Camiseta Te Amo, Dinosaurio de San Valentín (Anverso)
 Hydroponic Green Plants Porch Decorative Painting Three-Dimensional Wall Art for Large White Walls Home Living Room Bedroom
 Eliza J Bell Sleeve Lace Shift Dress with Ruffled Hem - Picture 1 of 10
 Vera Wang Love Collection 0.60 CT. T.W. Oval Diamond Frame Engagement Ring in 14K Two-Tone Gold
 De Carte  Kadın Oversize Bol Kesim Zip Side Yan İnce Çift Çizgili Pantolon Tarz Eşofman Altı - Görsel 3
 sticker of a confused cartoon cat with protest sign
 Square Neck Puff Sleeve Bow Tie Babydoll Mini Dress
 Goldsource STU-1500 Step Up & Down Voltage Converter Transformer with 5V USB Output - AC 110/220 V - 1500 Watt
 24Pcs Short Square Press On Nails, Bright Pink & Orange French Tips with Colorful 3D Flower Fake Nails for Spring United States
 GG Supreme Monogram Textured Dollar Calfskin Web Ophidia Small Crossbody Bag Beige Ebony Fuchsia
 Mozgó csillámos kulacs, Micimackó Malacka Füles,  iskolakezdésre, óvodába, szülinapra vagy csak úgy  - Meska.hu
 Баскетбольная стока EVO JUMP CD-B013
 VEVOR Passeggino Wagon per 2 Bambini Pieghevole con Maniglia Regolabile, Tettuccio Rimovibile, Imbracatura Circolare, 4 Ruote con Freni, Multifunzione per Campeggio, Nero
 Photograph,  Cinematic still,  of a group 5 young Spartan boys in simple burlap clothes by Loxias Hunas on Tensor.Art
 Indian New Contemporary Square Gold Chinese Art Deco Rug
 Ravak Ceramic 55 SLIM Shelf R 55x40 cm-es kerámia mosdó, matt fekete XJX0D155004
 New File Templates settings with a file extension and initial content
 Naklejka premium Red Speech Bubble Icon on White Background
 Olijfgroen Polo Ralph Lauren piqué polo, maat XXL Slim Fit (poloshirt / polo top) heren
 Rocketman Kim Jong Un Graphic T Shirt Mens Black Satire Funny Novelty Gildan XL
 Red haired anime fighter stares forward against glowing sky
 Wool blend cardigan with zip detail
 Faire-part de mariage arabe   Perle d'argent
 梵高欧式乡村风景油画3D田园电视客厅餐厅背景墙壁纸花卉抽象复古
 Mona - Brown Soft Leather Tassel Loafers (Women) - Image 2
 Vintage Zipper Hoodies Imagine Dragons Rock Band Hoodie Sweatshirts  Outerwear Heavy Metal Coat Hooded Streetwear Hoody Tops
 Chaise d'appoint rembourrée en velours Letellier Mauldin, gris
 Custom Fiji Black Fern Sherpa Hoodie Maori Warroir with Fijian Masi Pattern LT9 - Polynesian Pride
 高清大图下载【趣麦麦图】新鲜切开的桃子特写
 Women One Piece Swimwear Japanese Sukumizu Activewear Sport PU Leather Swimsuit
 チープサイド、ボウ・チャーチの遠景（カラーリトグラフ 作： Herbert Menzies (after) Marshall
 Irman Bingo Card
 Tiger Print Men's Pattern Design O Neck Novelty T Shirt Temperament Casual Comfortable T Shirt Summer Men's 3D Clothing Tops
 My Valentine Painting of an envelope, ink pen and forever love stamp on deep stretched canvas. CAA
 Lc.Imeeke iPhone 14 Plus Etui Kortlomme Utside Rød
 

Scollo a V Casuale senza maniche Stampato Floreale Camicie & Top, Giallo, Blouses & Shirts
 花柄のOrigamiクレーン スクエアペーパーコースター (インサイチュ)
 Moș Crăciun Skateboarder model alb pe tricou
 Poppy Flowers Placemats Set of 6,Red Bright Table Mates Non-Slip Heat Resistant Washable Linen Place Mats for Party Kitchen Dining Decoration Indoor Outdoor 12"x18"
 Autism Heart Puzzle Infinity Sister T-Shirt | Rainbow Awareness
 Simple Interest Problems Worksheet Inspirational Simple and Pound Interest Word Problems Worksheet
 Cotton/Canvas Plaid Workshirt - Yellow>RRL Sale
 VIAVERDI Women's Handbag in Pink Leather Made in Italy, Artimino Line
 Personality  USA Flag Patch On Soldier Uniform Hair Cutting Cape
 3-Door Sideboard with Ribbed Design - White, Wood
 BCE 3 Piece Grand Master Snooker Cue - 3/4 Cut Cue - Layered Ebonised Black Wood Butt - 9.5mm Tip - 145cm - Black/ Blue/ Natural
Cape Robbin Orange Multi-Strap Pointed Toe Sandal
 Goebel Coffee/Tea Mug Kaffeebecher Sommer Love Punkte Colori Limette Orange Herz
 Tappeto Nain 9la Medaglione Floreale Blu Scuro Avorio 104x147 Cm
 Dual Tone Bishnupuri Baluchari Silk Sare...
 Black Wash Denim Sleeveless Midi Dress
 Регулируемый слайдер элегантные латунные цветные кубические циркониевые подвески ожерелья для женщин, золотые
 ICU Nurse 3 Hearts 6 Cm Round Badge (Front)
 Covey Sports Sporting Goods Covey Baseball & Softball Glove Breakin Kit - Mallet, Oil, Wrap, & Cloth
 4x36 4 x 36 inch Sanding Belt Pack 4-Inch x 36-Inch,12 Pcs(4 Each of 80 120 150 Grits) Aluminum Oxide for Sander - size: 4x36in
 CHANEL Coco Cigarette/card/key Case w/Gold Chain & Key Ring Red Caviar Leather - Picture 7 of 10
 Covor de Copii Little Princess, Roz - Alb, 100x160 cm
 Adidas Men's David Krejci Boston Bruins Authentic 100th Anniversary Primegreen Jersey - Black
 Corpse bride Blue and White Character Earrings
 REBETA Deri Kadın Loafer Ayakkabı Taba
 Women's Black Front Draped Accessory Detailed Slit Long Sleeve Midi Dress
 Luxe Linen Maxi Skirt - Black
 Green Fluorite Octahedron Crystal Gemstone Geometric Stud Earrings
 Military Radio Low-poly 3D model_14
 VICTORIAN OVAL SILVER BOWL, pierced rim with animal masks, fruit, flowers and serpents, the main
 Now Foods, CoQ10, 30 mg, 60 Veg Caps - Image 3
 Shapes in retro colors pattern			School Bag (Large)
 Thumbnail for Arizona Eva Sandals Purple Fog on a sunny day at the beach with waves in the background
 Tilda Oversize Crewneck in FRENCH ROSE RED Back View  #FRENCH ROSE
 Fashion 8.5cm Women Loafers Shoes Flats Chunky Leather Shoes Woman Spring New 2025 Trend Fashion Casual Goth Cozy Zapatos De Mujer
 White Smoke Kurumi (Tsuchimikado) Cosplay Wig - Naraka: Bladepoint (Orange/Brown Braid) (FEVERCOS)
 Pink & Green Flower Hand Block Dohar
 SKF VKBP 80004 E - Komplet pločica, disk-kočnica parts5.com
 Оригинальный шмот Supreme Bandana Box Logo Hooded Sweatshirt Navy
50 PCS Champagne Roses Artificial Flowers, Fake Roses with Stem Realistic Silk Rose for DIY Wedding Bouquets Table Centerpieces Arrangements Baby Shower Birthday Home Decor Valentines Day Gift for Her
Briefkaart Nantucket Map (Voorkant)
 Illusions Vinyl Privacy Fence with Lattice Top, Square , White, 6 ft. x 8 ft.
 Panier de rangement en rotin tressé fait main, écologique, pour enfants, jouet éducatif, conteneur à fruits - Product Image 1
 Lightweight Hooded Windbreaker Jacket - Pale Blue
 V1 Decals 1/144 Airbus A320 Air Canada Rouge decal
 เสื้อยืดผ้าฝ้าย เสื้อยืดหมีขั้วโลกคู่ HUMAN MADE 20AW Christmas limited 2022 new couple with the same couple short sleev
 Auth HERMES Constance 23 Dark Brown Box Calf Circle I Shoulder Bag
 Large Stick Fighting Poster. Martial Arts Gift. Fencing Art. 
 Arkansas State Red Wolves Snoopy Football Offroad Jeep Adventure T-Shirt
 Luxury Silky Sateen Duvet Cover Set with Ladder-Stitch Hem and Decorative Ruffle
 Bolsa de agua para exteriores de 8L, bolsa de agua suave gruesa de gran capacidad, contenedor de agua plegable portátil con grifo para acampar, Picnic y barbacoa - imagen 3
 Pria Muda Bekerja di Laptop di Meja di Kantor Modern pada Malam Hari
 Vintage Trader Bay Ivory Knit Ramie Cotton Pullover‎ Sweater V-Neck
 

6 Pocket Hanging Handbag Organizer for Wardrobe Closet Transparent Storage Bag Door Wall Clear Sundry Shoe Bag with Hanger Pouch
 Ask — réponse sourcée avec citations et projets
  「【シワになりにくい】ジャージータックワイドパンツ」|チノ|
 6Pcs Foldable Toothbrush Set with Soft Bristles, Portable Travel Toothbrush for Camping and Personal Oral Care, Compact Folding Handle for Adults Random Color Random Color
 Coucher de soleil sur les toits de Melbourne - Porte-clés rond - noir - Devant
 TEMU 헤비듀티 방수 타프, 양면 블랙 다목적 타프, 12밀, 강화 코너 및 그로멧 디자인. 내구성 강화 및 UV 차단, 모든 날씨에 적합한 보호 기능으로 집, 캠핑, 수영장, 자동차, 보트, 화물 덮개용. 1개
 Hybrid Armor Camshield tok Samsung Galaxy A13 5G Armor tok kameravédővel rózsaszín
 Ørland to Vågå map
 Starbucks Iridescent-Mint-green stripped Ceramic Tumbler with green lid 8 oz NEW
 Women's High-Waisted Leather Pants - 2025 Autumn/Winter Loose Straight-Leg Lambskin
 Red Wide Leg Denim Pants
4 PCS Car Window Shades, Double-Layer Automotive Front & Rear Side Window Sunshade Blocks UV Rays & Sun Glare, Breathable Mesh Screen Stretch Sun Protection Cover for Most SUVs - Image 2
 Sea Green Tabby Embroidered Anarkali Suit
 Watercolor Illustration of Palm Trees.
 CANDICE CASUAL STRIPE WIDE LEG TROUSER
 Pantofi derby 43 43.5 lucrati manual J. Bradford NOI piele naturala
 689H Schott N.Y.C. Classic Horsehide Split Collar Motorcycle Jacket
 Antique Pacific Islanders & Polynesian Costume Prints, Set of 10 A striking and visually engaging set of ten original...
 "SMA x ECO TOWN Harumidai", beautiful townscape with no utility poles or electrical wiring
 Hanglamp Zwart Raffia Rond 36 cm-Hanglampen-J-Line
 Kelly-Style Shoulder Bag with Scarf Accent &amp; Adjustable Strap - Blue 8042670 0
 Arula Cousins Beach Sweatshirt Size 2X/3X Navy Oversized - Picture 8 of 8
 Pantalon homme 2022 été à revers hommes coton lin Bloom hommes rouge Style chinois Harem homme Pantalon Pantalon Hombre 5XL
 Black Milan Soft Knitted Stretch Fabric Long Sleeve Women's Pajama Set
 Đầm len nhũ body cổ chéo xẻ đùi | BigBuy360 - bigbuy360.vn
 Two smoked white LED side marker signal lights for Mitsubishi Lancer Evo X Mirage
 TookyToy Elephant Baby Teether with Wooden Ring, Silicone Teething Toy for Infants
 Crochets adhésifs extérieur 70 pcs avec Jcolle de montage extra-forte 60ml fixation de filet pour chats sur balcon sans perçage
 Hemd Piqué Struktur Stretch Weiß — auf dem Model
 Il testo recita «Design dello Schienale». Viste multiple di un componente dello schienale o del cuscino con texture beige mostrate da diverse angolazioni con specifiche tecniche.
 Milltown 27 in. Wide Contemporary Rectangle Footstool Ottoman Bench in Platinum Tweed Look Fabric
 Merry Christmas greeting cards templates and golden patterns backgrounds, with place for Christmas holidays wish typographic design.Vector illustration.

· · ·

> [About this task]: Count up the lines in the listing that hold the word "Square", and give that number only.

> [Result of the task]: 4